Monday, July 23, 2012

Reality TV: Bullying, lies and campaign funding

By Susana G. Baumann
What do bullying, lies and Citizens United have in common? They are killing our democracy. 

We are only three months away from the national elections, and the campaign trail has become a battle ground for bitter attacks and negative confrontation. Both candidates keep making accusations of using “distractive strategies” on one another but in reality both have something to hide and, apparently, little to offer. 

Bullying seems to be a leadership style chosen by Republicans, encouraged by a base that wants to see “blood.” No matter what the damage, the consequences, the long-term results, they want to impose their ideas by aggression because “tough people are needed to run society.”

Democrats, on the other hand, seem to have chosen the victim’s place, an innerving moderation used as a tactic for self-defense, not an organized party with real ideas and a strong political demeanor. 
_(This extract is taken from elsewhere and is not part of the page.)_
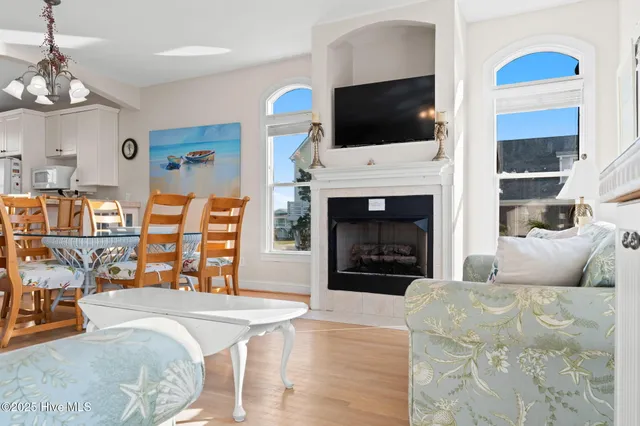 $990,000 | 109 Salisbury Street, Holden Beach, NC 28462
And then there is the realm of lies. 

The ad campaigns launched by both parties and Super PACs are a string of sound bites and images more on personal attacks and less about political and economic strategies that will lead the country in the next four years. 
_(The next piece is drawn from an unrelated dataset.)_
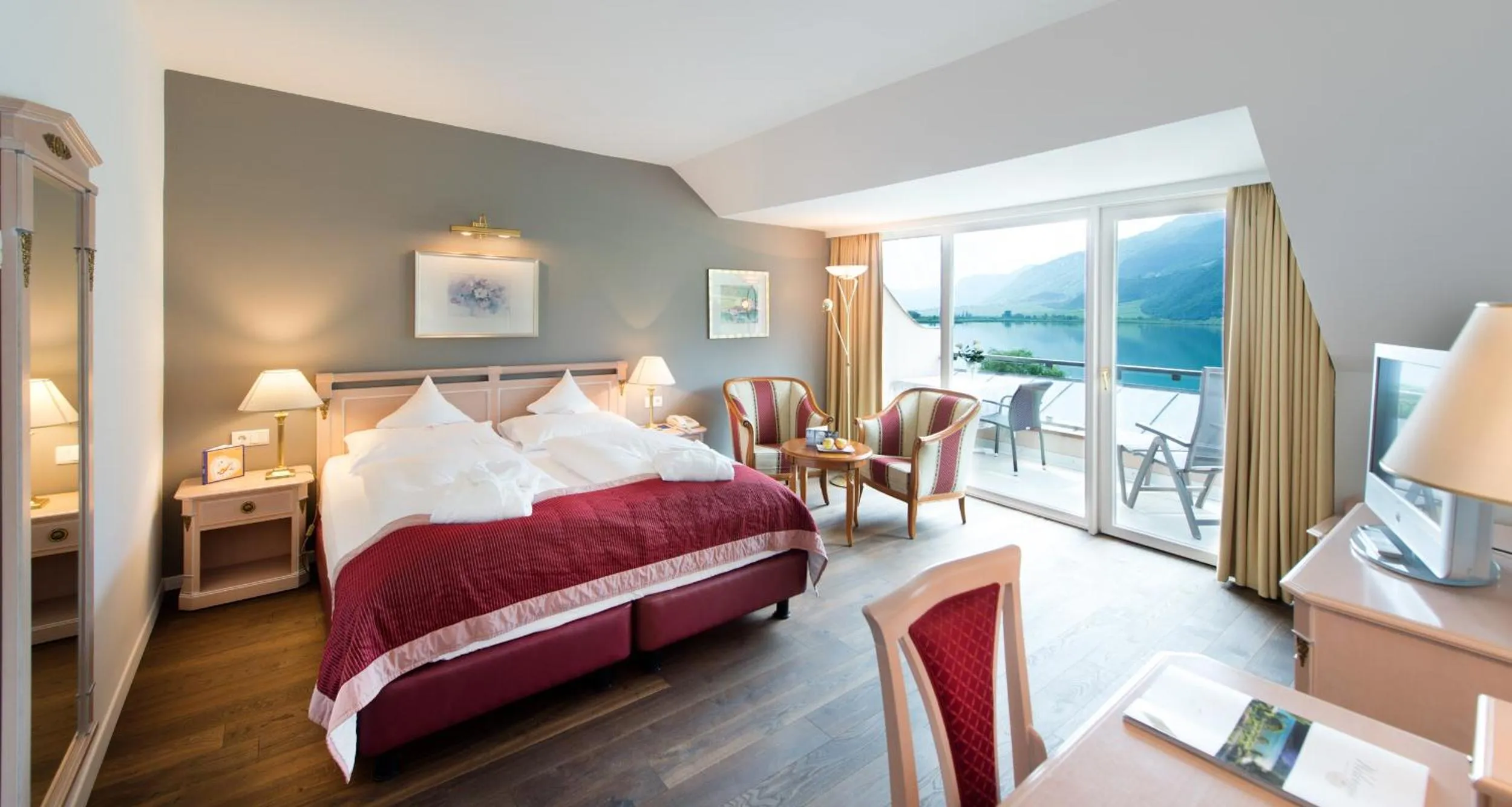 Photo of the whole room, Bed in Parc Hotel Am See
In that context, taking words out of context is just Campaign 101 material but there is also the distortion of ideas and facts, the rumors, the “through the rock and hide the hand” and the “lying to your face”  techniques. 
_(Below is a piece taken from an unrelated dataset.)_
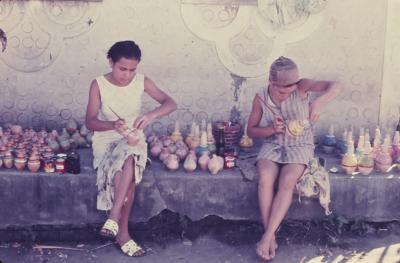 Ceramistas pintam a cerâmica para vender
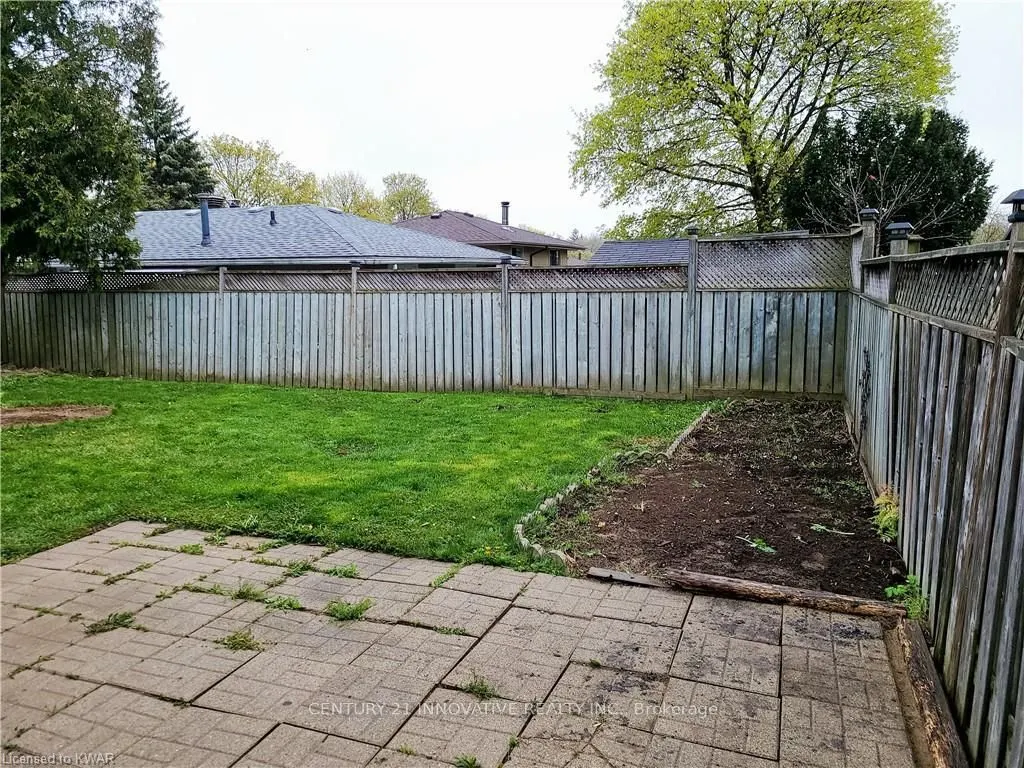 75 Pepperwood Crescent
And then there is the media, seldom calling out any of these behaviors. 

Crowned with the largest amount of money spent in a general election to buy advertising time, we will get to November 2nd with little idea of what will happen after November 3rd

Yet, this is our reality show, the one we all take place in. As in any other reality show, many believe they are not scripted, that they are the real candidates with real lives, real families, and real emotions who “love America” and want the best for us. 

But in reality –to be redundant- the campaigns are a carefully designed strategy to “get” the opponent in their weaknesses and misery. Because, who wants to follow a “loser”? 

Feeding the viewers on negative emotions, fear, unhappiness and problems is anything but a political campaign. 

In the end, if true ideas, strategies and facts are not discussed, giving all of us the opportunity to freely choose our representatives such as it should be in a democratic society, it is because politicians are trying to “sell us” something; something we might not like once we “seal the deal” and we find out there was small print on the other side of the page.  

Friday, July 20, 2012

Illegal Americans



By Susana G. Baumann
George Lopez, the Mexican American comedian, is launching a new show called “It’s not me, it’s you.” As he explains in the prep scenes, -and I’m paraphrasing- we live in a society where we are used to finger pointing, looking for responsibilities and blaming on other people’s actions but never looking at our own behavior.
A few weeks ago, the national debate over the term “illegal” referring to “illegal immigrants” has taken a new level.
A new level of stupidity, I would add.
Debating about the term “illegal” might bring the beloved and sought out spotlight to journalists who love to masturbate with words. But this discussion is as useless for those who “carry” the label as it is for the legal system.
Moreover, Americans are not really divided between those who defend and abide by the law and those who don’t. Most people are somehow lenient about the grey areas of many laws and might even agree that most “Illegal” immigrants are hard-working people who are here for good reasons.
And then, of course, there are the others. The Brewers and the Arpaios, the MacDonnells and even the Rubios, and the many that bully, insult, and keep a self-righteous position about how “their families” came to this country legally.
I pity them because they have taken possession of a territory, a land, a philosophy of life, values and even an ideal that was born and meant to be shared, and they had trashed it to convert it in a trophy. We have what you can’t have, it’s ours and we will guard it.
They live in a country, as we all do, where immigrants, legal or illegal, do the many jobs that are menial, low-paid, disgusting, exhausting, working in conditions that most Americans would qualify as unacceptable and even degrading. They clean our bathrooms, farm our groceries, kill and process our meats, cook our meals, drive our children to schools, sew our clothes, and much, much more.
So from now on, I propose that we call those who eat at the restaurants immigrants work for, enjoy the landscaping they do for our yards, use the public bathrooms they clean, walk the streets and drive their cars on the roads they repair, rent them our properties with excessive profitability, hire them to work for cash under the table, accept their fake green-cards or social security cards to overwork them in 16-hour shifts under the sun, and all the other unlawful actions Americans carry on to take advantage of a cheap labor force, those should be called “illegal Americans.”
If we were law abiding citizens, no “illegal” immigrant should find a way to stay in this country. But of course, it’s not about us, it’s about them.